- Born: January 27, 1927 Laurel, Delaware
- Died: May 29, 2018 (aged 91) Gaithersburg, Maryland
- Spouse: William S. Womach (1943–1982)

= Emily H. Womach =

American banker (1927-2018)

Emily Hitch Womach (January 27, 1927 – May 29, 2018) was an American banker from the state of Delaware. Womach served as Delaware State Treasurer from 1971–1973 and ran as a Democrat for governor of Delaware in 1972. Womach was the founding President and Chair of the Board of Directors of the Women's National Bank in Washington D.C., the first federally chartered bank in the United States to be owned and managed by women. President Jimmy Carter appointed Womach to the President’s Commission on Executive Exchange in 1980.

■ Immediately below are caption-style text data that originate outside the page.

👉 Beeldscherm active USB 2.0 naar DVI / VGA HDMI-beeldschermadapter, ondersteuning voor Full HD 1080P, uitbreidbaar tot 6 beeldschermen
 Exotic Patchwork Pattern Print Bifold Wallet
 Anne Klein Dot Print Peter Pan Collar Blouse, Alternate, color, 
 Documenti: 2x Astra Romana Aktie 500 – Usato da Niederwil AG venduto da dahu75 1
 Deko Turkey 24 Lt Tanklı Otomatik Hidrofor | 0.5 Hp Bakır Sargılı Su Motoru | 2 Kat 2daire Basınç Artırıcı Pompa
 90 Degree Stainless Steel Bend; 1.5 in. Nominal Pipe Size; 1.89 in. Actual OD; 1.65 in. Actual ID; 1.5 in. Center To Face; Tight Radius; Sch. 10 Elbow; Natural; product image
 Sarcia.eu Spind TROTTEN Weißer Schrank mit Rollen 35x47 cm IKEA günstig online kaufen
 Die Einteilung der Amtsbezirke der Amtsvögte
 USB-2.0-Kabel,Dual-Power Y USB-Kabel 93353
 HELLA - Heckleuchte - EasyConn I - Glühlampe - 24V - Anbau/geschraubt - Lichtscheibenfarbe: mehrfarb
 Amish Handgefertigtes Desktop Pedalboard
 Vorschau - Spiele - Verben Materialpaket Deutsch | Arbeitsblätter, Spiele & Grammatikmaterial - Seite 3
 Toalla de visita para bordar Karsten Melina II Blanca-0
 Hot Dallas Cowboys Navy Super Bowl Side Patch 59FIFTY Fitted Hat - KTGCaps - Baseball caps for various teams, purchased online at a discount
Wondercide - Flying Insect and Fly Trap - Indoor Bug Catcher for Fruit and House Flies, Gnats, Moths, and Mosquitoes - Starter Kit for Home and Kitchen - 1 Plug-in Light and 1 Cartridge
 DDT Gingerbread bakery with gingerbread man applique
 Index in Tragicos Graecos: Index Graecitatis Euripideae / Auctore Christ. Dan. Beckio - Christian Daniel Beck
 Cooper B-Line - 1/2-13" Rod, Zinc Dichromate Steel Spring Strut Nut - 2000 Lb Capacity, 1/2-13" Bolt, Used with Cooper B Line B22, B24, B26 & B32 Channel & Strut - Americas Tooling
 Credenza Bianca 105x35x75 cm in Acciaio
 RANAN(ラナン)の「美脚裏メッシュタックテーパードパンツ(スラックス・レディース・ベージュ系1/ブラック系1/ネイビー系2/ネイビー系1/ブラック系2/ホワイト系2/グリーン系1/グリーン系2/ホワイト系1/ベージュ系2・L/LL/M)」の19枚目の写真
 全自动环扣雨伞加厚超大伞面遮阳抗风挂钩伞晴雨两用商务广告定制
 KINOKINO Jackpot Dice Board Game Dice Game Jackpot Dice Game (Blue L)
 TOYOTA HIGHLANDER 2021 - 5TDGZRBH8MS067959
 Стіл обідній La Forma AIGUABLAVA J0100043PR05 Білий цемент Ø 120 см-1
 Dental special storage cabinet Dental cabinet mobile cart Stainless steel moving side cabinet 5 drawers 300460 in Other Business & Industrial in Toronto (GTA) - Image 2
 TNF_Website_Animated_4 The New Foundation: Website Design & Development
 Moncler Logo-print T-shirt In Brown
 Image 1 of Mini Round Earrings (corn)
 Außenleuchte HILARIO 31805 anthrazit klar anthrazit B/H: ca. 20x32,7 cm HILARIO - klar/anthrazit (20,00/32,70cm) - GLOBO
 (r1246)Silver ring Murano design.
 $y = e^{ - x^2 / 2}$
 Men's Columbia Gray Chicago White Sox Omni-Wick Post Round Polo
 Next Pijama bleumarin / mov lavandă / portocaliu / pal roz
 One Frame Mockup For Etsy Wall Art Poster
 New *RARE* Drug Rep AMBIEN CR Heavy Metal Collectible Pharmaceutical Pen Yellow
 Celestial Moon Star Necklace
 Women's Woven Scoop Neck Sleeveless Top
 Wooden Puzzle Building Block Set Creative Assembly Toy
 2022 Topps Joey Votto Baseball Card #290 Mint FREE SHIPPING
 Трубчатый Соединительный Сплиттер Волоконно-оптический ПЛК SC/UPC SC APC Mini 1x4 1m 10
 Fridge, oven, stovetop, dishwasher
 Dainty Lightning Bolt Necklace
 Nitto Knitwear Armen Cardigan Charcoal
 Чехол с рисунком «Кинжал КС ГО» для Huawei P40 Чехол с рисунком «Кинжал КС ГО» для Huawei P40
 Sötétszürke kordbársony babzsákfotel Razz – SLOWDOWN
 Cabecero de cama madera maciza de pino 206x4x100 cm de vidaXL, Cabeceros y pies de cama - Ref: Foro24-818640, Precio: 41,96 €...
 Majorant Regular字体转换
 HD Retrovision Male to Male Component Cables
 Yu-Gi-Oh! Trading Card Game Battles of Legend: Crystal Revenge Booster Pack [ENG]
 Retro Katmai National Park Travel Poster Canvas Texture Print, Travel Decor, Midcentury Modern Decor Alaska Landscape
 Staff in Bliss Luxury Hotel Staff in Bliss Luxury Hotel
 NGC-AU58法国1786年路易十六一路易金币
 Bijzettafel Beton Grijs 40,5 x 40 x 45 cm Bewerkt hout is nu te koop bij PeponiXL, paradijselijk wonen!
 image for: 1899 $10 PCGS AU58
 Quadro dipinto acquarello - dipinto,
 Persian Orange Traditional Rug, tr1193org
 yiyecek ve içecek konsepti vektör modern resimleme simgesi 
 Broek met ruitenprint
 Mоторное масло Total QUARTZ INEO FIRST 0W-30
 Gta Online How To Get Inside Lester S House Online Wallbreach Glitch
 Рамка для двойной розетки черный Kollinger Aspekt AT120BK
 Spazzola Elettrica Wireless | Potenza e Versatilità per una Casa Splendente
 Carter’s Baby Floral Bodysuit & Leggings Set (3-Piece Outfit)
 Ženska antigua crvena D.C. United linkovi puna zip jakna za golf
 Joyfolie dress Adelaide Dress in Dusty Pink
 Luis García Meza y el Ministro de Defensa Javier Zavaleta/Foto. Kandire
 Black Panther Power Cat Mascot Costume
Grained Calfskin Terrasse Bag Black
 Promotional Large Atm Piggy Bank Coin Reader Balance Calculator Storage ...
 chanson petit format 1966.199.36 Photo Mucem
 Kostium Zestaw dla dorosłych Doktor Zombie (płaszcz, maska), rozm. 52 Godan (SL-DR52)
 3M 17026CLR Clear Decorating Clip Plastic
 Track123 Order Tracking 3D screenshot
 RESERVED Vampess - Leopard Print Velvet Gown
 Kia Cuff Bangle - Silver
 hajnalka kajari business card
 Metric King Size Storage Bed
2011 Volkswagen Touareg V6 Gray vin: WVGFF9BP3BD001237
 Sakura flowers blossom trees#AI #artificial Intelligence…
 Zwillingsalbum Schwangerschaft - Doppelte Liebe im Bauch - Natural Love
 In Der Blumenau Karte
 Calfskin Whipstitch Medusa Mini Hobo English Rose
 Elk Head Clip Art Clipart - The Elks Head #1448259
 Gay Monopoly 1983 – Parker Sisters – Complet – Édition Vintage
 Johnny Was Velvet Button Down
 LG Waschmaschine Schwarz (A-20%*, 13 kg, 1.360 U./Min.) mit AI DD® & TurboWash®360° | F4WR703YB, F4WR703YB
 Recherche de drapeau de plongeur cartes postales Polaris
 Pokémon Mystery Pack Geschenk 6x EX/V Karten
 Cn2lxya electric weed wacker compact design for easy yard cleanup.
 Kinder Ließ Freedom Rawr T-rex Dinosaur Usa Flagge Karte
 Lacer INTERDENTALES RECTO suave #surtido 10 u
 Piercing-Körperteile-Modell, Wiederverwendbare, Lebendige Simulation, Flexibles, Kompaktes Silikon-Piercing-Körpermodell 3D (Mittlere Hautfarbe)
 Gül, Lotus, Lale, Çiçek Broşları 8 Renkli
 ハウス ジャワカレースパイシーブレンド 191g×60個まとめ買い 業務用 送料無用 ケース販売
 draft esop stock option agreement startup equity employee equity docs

== Family and personal life ==
Womach was born Emily Jeanette Hitch to Elon Gardner Hitch and Jennie Kerry in Laurel, Delaware on January 27, 1927. She was the oldest of four children. She graduated from Laurel High School in Delaware and obtained additional education as a working adult from Salisbury Business Institute, Northwestern University School of Financial Public Relations, American Institute of Banking, and the Stonier Graduate School of Banking at Rutgers University.

She married William S. Womach in 1943. Their only child William Richard Womach, known as "Dick", was born in 1944. Womach began working for the local bank in Laurel, Delaware while her husband served in the military overseas during World War II. She continued to work in banking after the war. Her husband William became an officer in the Delaware State Police. In addition to employment and raising their son, the two were involved in raising poultry and cattle.

Womach was an active participant in the social and civic life of her community. She volunteered for numerous organizations and served on many boards over the years including the Laurel Chapter of the Muscular Dystrophy Association, Delmarva Poultry Industry Association, the Delaware State Bank Advisory Board, the National Small Business Advisory Council, and the Business & Development Committee of Washington D.C. She was a member of the Order of the Eastern Star, a Masonic appendant body open to both men and women.

Womach's husband William was killed in a car accident in October 1982. Womach was also seriously injured in the accident and found herself unable to return to work. She resigned from her post as President and Chair of the Board of Directors at the Women's National Bank in Washington, D.C. in March 1983.

== Banking career ==
Womach began her banking career in 1945 as a bookkeeper at the Sussex Trust Co. in Laurel, Delaware. She advanced in roles and responsibilities during her 23 years at the bank to become vice president and corporate secretary.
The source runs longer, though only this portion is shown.